'The Shape of Speed' to open at Portland Art Museum
Automobile enthusiast Alan Johnson has realized not one but two dreams. In 2010, the Portland metro area man found his ideal car, a 1937 Lincoln Zephyr coupe, which he restored to pristine beauty. And in 2018, Johnson was asked to display his car in the Portland Art Museum's exhibit "The Shape of Speed: Streamlined Automobiles and Motorcycles, 1930-1942," opening June 16.
Of course he agreed, adding, "It's a once in a lifetime experience."
Lincoln Zephyr coupe
Johnson's dark green Lincoln Zephyr coupe is the only locally owned vehicle in the exhibit; all other cars are coming from private collectors or car museums from other parts of the United States, as well as from Canada, Germany and Italy.
Although Johnson lives in the Portland area, he is a member of the Columbia River branch of The Early Ford V-8 Club of America, which meets at the grange in Oregon City. That link is significant because it was through the car club that Johnson first heard of a man in Southern Oregon who had a Lincoln Zephyr coupe in his barn.
Johnson and a friend make the trek to look at the car, which was covered with dust.
When he called his wife Carolyn to tell her about the car, she said, "You're going to pay how much for a car that doesn't run?"
But Johnson, who is a car mechanic, decided to gamble because he thought there was a good chance he could get the car up and running.
As it turned out, all parts of the car were intact, which Carolyn Johnson noted is very rare.
Johnson did all the mechanical restoration on the car, and then in 2012 had it repainted to its original color of evergreen poly-flake.
Johnson said that his wife refers to the car as "The Mistress" because of all the time and money he has lavished on it.
Last year, the Lincoln Zephyr coupe was on display at the Greater Portland Concours d'Elegance Car Show in Forest Grove. Someone with connections to the Portland Art Museum saw it, and that led to an invitation to be part of the upcoming exhibit.
"I knew I had a rare car but I'm not a guy who travels in art museum circles.
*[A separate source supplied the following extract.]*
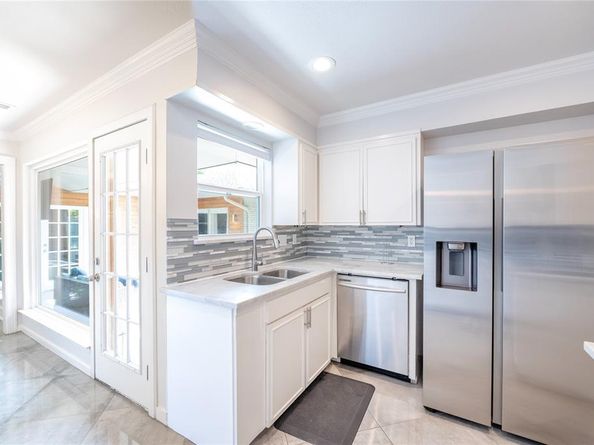 9716  Ravensway Drive , Dallas Texas 75238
I grew up with a wrench in my hand; I'm a car mechanic," Johnson said.
Some might question why cars will be shown at an art museum, but Johnson thinks everything people make is "a form of expression, a form of art."
His car, he added, is the epitome of the art deco look so popular in the 1930s, and all the vehicles on display at the museum are "very rare, one-of-a-kind cars made by true craftsmen."
He is most looking forward to seeing the French cars, he said, because they are "so swoopy and stylish looking." Johnson noted that there are two motorcycles in the show, and although he is a "car guy," he wants to see them because they "are so unique and so state of the art."
People should visit the exhibit, he said, because "you may have seen photos of these cars, but these are the real deal."
Celebrating the beauty of cars!
What: The Portland Art Museum presents "The Shape of Speed: Streamlined Automobiles and Motorcycles, 1930-1942"
When: June 16 to Sept. 16
Where: 1219 S.W. Park Ave., in downtown Portland
Hours: 10 a.m. to 5 p.m. Tuesday, Wednesday, Saturday and Sunday; 10 a.m. to 8 p.m. Thursday and Friday; the museum is closed on Monday.
Admission: Admission is free for members. General admission is $19.99 for adults; $16.99 for seniors 62+ and college students; and free for children 17 and under.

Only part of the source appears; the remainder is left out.